§ TASK INSTRUCTIONS:
Reproduce every line of the data, exactly and without its pictures.
═══ PROVIDED DATA
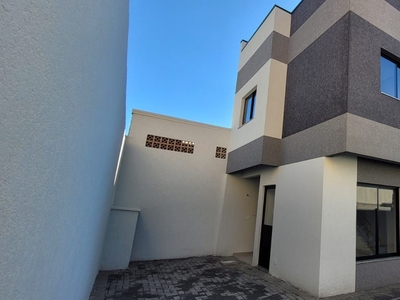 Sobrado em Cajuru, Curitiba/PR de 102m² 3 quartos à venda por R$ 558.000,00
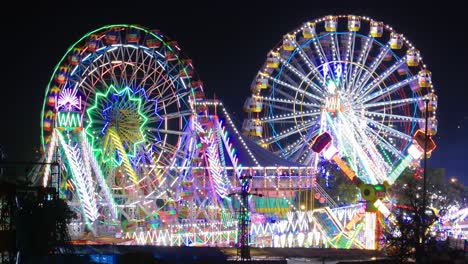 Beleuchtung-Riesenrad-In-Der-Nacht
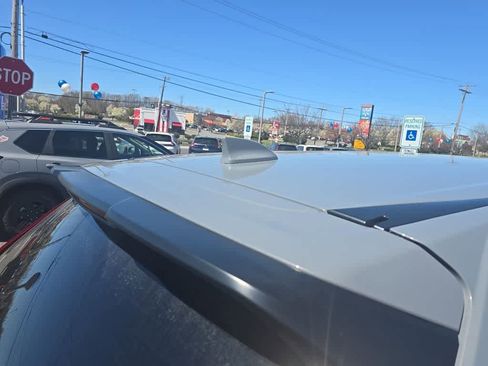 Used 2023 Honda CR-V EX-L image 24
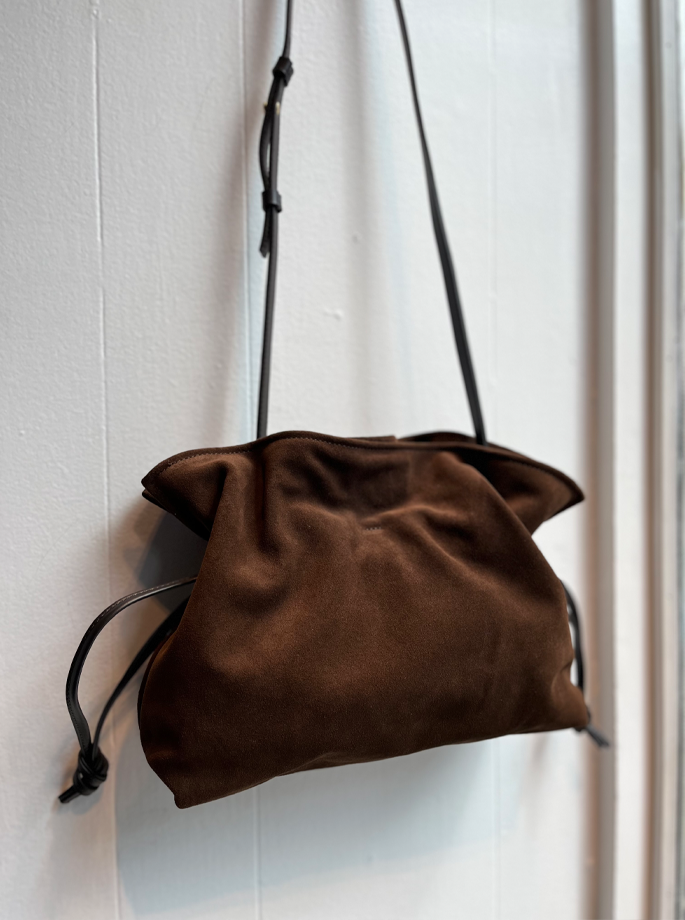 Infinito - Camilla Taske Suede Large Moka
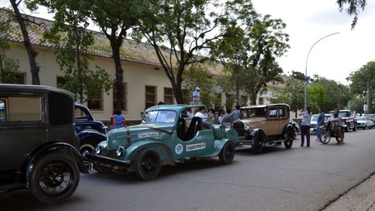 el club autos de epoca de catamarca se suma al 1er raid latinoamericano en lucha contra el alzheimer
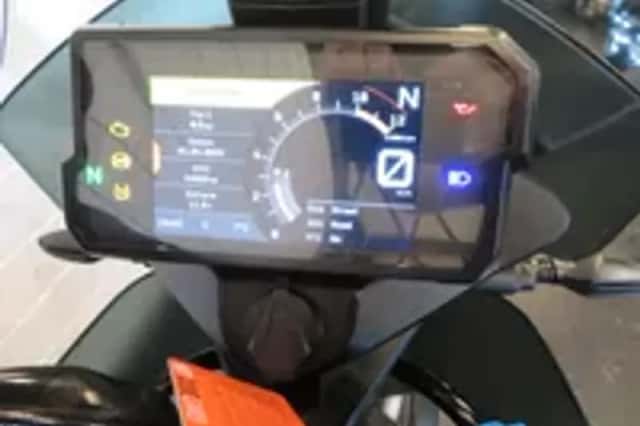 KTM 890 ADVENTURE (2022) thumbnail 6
══════
§ WRITTEN ANSWER:
 Sobrado em Cajuru, Curitiba/PR de 102m² 3 quartos à venda por R$ 558.000,00
 Beleuchtung-Riesenrad-In-Der-Nacht
 Used 2023 Honda CR-V EX-L image 24
 Infinito - Camilla Taske Suede Large Moka
 el club autos de epoca de catamarca se suma al 1er raid latinoamericano en lucha contra el alzheimer
 KTM 890 ADVENTURE (2022) thumbnail 6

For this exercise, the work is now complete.